Located at the foot of the Rocher des Doms, crossed by the Rhône, and protected from the Mistral wind by its old city walls, Avignon (40 km from the hotel) is a must-visit on your trip to Provence. A town of art and culture at the meeting place of three departments (Vaucluse, Bouches-du-Rhône and Gard), Avignon sits elegantly along the banks of the river. The former Papal City (seven popes resided here between 1309 and 1376, along with two antipopes thereafter) has not only managed to preserve superb monuments from its illustrious past but it also successfully becomes an immense open-air theatre during the month of July thanks to its theatre festival, where everyone can join in.
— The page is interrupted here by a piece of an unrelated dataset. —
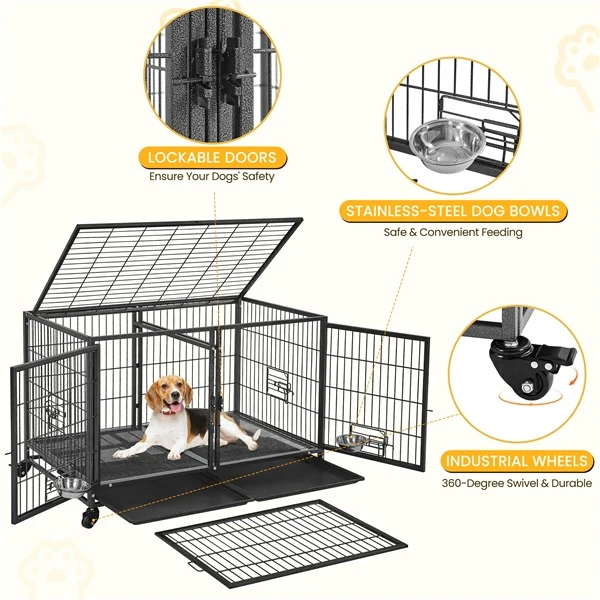 Yaheetech Stackable Dog Crate with Divider 43'' - Image 5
All year round, travel back in time to the Palais des Papes, dance on the Pont d’Avignon, and marvel before the treasures of the Petit Palais.
The Palais des Papes d’Avignon is the largest Gothic palace in the world (15,000 m² of floor space, the equivalent of four Gothic cathedrals). The former papal palace boasts 25 places to visit, including the staterooms, the cloisters, and the private apartments of the pope, decorated in grandiose murals by the Italian artist Matteo Giovannetti.
The Pont Saint Bézenet, better known as the “Pont d’Avignon” (Avignon Bridge) is a real technical feat! Built from the 12th century onwards, it used to connect both sides of the Rhône. A legendary and iconic monument of the area, only four of its original 22 arches remain today. This architectural oddity, which has raised many questions and interpretations, some more fanciful than others, has only accentuated the aura of this bridge, famed the world over thanks to the song “Sur le pont d’Avignon”.
The Musée du Petit Palais, located just beyond the Palais des Papes, is one of the great museums of medieval art in Europe. It houses a unique collection of paintings from the Middle Ages and the Italian Renaissance (with more than three hundred Italian primitives), including the Campana collection, an important reserve belonging to the Musée Calvet (Avignon School from the 13th to 16th century), and medieval sculpture from the 12th to 16th century from Avignon and its surrounding area.
“Intra-Muros” is what the people of Avignon call the part of the city inside the walls. At a length of 4.3 km, these fortifications designed to repel invaders have also helped (and continue to help) protect the inhabitants from flooding from the Rhône. A UNESCO World Heritage Site, these ramparts surround the old town and give it a special, timeless atmosphere.
The Notre Dame des Doms could almost overshadow the Palace of the Popes. With its majestic gilded lead statue of the Virgin Mary touching the sky and dominating the Rhône Valley from the Rocher des Doms, this religious building, built in the 12th century then modified in the 15th and 17th centuries is worth a lengthy visit.